Difference between clustered and non clustered index..

  • Hi,

    Someone help me in knowing the difference between clustered and non clustered index.. Based on performance Which is better to use???

    Thanks in advance.

  • A very crude answer to your question would be

    Clustered index work better on tables which have a column that can be used to uniquely identify each row.

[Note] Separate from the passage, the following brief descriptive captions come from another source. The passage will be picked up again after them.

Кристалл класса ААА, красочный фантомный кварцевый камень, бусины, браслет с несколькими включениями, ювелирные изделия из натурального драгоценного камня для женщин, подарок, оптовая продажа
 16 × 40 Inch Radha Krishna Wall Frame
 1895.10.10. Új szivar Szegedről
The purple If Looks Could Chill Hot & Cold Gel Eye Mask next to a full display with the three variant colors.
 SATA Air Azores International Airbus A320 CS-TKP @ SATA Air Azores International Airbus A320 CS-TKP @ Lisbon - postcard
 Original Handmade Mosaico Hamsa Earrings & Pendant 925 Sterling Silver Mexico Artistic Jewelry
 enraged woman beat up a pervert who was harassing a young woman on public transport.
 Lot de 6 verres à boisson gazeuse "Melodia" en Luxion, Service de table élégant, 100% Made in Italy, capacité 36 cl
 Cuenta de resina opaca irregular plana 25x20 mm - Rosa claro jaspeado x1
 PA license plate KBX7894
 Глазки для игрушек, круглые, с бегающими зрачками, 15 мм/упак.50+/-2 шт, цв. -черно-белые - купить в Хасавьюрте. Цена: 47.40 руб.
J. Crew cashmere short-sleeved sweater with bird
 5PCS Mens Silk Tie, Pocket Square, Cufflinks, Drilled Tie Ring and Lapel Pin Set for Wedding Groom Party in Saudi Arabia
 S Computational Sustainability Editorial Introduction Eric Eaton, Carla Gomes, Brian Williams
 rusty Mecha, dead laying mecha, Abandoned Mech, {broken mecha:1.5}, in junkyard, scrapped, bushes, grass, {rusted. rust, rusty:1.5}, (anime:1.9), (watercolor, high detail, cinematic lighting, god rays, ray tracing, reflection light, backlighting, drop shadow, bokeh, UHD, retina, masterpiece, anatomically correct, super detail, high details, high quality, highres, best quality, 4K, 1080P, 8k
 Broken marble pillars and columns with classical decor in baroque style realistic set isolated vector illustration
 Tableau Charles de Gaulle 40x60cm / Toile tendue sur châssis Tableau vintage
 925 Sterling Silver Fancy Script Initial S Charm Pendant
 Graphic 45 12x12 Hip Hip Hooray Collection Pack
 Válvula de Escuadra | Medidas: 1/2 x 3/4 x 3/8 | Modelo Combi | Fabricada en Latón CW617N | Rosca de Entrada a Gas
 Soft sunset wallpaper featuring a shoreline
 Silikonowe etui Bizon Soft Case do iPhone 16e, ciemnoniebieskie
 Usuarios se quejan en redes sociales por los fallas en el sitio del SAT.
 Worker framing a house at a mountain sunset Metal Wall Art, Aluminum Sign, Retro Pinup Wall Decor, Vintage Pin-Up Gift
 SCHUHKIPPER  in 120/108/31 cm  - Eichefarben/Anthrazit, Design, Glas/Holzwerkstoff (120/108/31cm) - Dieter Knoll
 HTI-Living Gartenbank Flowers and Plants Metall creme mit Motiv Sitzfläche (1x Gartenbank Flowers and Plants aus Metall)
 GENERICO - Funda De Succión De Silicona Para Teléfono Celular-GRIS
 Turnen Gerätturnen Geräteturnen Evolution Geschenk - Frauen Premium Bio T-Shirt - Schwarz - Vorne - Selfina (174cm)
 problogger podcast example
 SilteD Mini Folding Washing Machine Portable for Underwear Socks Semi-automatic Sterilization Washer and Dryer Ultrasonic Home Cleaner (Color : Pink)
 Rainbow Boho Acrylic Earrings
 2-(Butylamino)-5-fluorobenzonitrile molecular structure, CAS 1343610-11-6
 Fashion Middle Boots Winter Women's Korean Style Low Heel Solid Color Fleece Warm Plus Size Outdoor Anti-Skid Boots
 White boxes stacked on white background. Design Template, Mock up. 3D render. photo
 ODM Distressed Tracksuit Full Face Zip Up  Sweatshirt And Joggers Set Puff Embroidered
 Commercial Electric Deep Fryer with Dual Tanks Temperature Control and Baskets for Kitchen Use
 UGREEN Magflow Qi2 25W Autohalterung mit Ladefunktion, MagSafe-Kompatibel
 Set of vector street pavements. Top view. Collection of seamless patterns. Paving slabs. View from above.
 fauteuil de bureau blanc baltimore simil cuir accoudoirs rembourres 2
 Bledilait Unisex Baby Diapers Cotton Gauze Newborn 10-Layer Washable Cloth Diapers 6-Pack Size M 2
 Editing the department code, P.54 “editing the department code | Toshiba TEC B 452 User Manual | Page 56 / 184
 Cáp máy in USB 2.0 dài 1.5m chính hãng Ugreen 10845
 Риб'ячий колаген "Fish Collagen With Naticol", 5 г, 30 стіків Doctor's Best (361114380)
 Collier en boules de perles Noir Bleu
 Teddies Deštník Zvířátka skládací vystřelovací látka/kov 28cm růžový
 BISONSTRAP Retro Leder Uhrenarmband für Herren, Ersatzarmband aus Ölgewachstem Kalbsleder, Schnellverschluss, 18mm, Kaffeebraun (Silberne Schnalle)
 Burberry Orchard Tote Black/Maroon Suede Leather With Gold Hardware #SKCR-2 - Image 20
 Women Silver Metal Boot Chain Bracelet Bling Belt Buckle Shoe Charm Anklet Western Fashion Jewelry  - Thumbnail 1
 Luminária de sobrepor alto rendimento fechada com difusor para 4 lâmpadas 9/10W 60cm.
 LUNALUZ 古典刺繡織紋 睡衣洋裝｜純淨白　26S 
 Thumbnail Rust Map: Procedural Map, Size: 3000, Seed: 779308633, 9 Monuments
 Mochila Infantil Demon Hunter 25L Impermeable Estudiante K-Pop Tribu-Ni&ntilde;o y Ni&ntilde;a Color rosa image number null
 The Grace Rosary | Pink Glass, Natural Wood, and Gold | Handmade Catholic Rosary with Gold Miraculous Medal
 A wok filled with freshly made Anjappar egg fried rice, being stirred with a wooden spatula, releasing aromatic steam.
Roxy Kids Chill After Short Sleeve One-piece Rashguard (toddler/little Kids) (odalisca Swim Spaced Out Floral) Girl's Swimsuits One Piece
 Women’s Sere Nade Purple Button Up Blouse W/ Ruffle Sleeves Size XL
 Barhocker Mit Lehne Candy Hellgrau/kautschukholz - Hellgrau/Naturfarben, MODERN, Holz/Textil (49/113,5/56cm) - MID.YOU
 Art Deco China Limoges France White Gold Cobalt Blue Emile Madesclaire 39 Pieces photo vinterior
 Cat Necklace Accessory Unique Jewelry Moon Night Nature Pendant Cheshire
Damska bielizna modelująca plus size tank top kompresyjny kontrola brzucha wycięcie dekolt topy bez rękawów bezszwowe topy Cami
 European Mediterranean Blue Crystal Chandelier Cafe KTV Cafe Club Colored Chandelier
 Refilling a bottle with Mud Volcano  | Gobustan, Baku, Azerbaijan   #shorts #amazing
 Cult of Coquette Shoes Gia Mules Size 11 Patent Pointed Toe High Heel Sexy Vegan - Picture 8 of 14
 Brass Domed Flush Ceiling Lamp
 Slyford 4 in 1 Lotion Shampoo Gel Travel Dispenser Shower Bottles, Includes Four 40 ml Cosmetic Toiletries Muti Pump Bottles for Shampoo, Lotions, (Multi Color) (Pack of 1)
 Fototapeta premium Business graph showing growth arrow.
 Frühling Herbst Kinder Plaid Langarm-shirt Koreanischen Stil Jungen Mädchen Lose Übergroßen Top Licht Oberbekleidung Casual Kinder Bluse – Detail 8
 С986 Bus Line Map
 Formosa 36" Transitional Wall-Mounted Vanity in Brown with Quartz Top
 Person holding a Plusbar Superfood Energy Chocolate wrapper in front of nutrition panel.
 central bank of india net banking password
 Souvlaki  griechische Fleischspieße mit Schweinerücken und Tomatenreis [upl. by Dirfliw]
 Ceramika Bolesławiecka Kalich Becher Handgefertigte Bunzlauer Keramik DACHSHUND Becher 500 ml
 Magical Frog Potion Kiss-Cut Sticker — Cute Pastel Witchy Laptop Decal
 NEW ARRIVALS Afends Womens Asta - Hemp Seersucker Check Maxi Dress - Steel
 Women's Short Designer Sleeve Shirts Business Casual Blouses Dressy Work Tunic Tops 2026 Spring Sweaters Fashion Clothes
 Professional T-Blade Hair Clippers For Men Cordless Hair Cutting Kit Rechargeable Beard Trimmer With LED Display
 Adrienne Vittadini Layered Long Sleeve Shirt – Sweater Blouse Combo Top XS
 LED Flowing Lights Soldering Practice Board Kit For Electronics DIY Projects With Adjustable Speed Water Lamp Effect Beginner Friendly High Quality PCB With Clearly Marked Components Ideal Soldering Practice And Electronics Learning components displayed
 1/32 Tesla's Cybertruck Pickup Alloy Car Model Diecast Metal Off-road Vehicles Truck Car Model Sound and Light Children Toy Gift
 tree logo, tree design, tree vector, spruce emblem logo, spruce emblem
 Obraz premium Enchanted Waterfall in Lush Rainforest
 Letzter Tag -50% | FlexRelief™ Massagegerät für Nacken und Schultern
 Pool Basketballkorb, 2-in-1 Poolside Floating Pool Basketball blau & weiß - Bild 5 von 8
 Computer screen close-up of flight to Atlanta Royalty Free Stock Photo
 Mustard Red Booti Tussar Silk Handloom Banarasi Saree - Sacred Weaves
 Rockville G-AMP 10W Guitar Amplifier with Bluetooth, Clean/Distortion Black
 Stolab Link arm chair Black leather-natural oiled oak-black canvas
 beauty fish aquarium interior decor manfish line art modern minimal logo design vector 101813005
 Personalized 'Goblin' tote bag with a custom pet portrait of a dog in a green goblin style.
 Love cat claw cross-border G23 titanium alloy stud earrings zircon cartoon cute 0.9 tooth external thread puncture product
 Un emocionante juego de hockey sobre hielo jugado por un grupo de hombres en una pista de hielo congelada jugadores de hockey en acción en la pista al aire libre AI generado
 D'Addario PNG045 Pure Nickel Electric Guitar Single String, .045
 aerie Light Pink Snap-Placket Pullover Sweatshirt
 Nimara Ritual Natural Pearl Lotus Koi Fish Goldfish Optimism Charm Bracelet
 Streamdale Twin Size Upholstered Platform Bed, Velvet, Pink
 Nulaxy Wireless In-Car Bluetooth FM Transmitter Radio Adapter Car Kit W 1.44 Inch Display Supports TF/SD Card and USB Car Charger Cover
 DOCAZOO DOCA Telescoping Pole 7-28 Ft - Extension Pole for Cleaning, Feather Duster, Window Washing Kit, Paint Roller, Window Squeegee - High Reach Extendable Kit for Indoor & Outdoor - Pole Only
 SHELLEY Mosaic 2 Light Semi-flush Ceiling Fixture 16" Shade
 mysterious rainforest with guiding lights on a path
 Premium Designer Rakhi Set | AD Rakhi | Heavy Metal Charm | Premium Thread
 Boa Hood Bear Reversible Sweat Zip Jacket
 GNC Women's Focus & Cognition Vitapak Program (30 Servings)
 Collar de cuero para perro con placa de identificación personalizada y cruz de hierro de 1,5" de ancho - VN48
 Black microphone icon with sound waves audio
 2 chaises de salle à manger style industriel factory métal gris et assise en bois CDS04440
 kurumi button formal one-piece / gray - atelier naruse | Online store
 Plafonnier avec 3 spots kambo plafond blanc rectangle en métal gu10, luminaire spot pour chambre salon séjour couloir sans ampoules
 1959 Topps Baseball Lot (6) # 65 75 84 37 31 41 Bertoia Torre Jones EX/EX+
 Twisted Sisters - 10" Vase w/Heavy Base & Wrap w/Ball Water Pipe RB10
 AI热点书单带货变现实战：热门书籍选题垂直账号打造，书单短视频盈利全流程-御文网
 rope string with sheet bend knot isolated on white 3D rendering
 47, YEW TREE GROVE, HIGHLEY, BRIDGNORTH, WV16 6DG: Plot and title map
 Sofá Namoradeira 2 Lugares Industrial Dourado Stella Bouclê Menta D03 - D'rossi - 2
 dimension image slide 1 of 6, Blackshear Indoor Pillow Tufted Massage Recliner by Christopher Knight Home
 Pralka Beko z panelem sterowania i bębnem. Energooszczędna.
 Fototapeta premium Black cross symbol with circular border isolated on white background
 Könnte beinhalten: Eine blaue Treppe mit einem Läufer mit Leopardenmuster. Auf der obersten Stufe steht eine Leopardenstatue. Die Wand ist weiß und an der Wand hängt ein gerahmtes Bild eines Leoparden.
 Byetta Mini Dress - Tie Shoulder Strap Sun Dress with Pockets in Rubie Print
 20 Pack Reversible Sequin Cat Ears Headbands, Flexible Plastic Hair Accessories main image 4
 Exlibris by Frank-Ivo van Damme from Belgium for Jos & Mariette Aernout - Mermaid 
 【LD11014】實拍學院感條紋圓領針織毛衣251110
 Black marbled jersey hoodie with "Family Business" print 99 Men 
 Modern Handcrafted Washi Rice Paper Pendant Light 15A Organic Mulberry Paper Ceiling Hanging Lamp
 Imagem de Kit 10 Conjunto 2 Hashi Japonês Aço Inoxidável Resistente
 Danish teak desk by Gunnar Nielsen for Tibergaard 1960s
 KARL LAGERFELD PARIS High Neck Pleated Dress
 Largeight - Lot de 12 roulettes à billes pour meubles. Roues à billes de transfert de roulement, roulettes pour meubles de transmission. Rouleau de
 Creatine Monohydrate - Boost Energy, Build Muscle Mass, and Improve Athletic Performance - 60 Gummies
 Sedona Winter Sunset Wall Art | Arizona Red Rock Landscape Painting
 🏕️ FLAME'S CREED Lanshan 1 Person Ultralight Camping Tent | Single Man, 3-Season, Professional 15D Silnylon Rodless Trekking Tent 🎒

    Non Clustered indexes are created on additional column that help query performance on column such as taht used on joins. Mainly if your normalizing you should have a column with a primary key which would be clustered index and the other columns which would be required could be non clustered indexes

    Jayanth Kurup[/url]

  • See http://www.sqlservercentral.com/articles/Indexing/68563/ and http://www.sqlservercentral.com/articles/Indexing/68636/

    Gail Shaw
    Microsoft Certified Master: SQL Server, MVP, M.Sc (Comp Sci)
    SQL In The Wild: Discussions on DB performance with occasional diversions into recoverability

    We walk in the dark places no others will enter
    We stand on the bridge and no one may pass
  • Jayanth_Kurup (7/7/2011)


    A very crude answer to your question would be

    Clustered index work better on tables which have a column that can be used to uniquely identify each row.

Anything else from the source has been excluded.